Essentially, construction managers must take every reasonable precaution to ensure a safe work environment that is free from hazards. Managers can achieve this objective by maintaining control over the worksite and work crews, acting reasonably toward individuals at the construction site, and taking an active role in the prevention of an incident.

How the Construction Standard of Care Plays Out at the Job Site

Managers can take an active role in supporting safety at the construction site by using a

behavioral approach when performing assessments. Managers should look for things that workers are doing correctly and incorrectly.

For example, is a worker using a piece of equipment incorrectly that could lead to an injury to a fellow worker or damage to the equipment? Once this error has been identified, managers should provide training or coaching to help workers close gaps in the areas where they are acting or behaving incorrectly.
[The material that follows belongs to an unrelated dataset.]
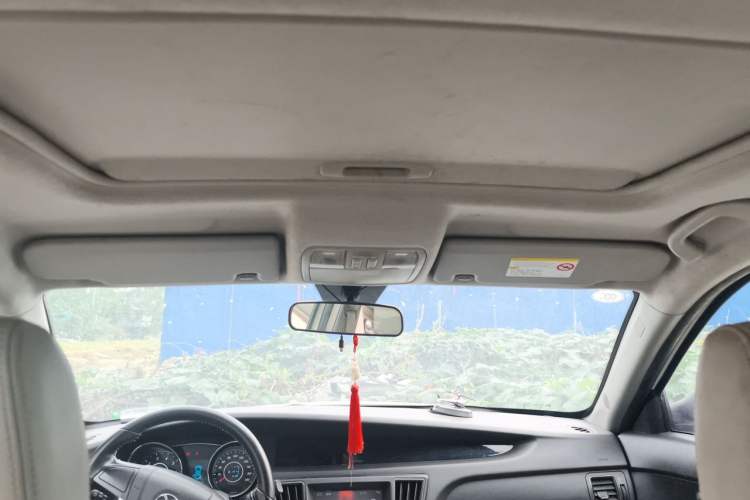 Used BAIC Senova D50 2014 1.5L manual comfort version Headliner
Another set of actions that managers can take is minimizing the risk of known hazards that have historically caused injuries at construction sites. OSHA calls these the “Focus Four Hazards” that include:

  • Falls
  • Caught-in-Betweens
  • Struck-by
  • Electrocution

Managers can uphold the standard of care at the construction site by taking immediate action to correct these violations. If these hazards persist and become an all-too-common occurrence, then managers should provide crews with regular training and education on these hazards.
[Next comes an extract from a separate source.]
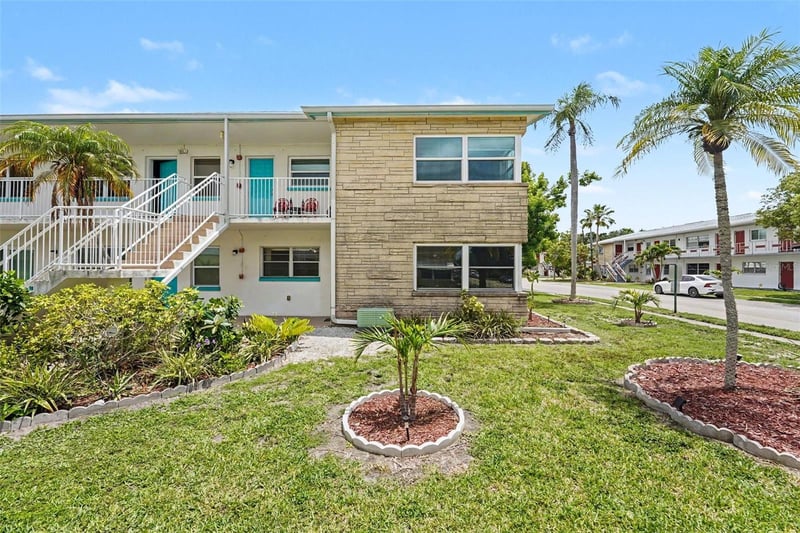 5855 18th St #1, St Petersburg, FL 33714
This training can be included in your daily safety action plans for the work crews. Plus, if you are not already, you should make resources available to work crews to allow them to read about standard safety issues that affect the job site.

Then, if workers have questions about safety materials or how certain safety techniques can be utilized during their portion of the work, be prepared to answer questions or provide additional training. We encourage you to value all questions, not dismiss concerns from workers, and create a healthy safety culture where dialogue is welcomed.

You Can Achieve Both Productivity and Safety

One of the reasons why construction managers have historically fallen short in their ability to uphold the construction standard of care is because of performance and productivity pressure. 

Managers can feel pressured to cut corners or skip safety measures in order to save costs and keep up with deadlines. Oftentimes, managers have been improperly incentivized via performance bonuses to sacrifice safety in order to save the company money or finish the project early.

However, managers can achieve both safety and productivity measures by taking the appropriate approach to the job. In fact, research published by Raymond Elliot Levitt and Nancy Morse Samelson published in their book, Construction Safety Management, indicates that superior construction site management is a combination of treating “productivity and safety as two integrated (related) parts of high job performance.” In other words, these aren’t separate concepts. When safety and productivity go hand-in-hand, everyone wins.

The solution is to perform the following activities with regularity:

  • Train everyone in behavior-based safety processes.
  • Train all new workers on job-specific safety requirements.
  • Provide safety training and orientation for all workers.
  • Establish a safety accountability measurement system.
  • Establish a system to continuously measure and correct safety hazards.
  • Develop daily safety plans for all construction activities with crew instructions.
  • Correct all known and recognized hazards immediately and document corrective action.
  • Work on hazard recognition to be able to address known hazards.
  • Document all safety observations and corrective actions.
  • Document all daily excavation safety observations.
  • Document all daily scaffolding safety observations and the decisions implemented.
  • Establish a safety observation system for detecting hazards for everyone on the job site.

Once these systems, processes, and activities are in place, you will be best positioned to satisfy the standard of care at the construction site to ensure the safest possible work environment. You will also protect your company from liability issues and minimize risk.